Adam Hay-Nicholls - Metro World News

Dans la vie de toute bonne écurie vient le moment où une voiture qui était très performante devient plus qu’ordinaire Les raisons qui expliquent un tel phénomène peuvent être assez complexes, mais coïncident bien souvent avec… un changement de look!

TYRRELL 1983/1984
La Tyrrell verte, qui était commanditée par Benetton, a fini deuxième lors de la course des champions et a remporté la compétition à Detroit. Toutefois, l’année suivante, Benetton a quitté le navire, et l’équipe a continué avec deux voitures : une dorée et une bleue. En confondant les couleurs, l’équipe a rempli un de ses poids de plomb plutôt que d’y mettre de l’eau, ce qui a mené à sa disqualification.

LOTUS 1986/1987
Pour les amateurs de F1 d’un certain âge, la Lotus noir et or était la plus belle de toutes. La bagnole commanditée par Camel dans les années suivantes avait l’air lente par comparaison. Le jaune a été le début de la fin pour cette écurie, qui n’a plus jamais remporté de titre.

RENAULT 2006/2007
Après avoir dominé en 2005 et 2006 en jaune et bleu, Renault s’est entendue avec un nouveau commanditaire, ING. La voiture avait désormais l’air d’avoir été peinte au crayon. Orange, crème, jaune et bleu : ce n’est pas un très bon mélange. Heureusement, l’écurie s’est mise à rouler loin derrière, où personne ne pouvait la voir.

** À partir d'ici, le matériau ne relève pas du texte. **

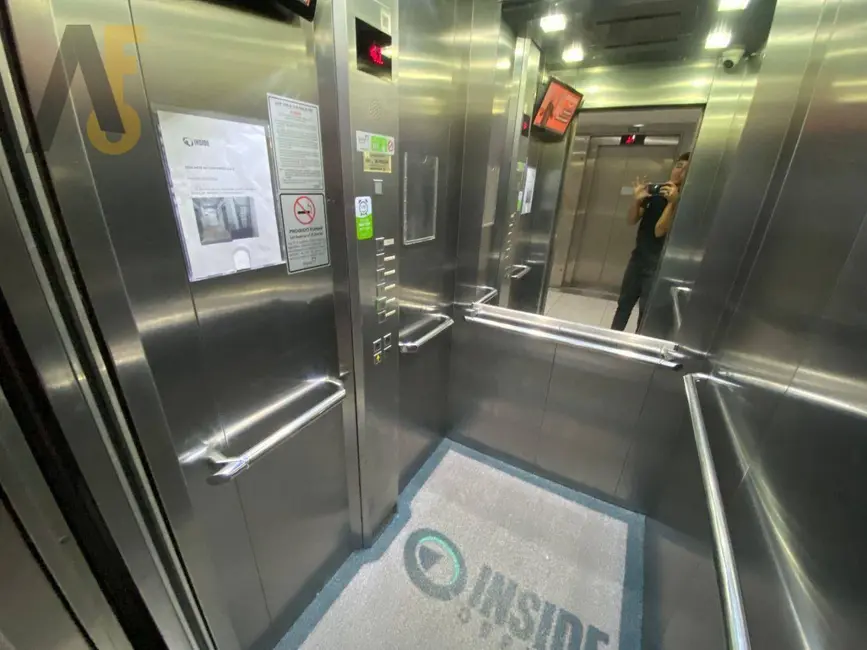 Foto 9 de Sala Comercial à venda, 20m2 em Rio De Janeiro - RJ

STEWART 1999 / JAGUAR 2000
La Stewart bleu et blanc a eu une courte mais belle existence. Elle est montée sur le podium à sa première saison et a remporté une victoire deux ans plus tard. Ensuite, Ford en a fait l’acquisition. Jaguar, le commanditaire, a peint la voiture en vert. Inutile de mentionner qu’elle ne s’est plus jamais approchée du podium par la suite.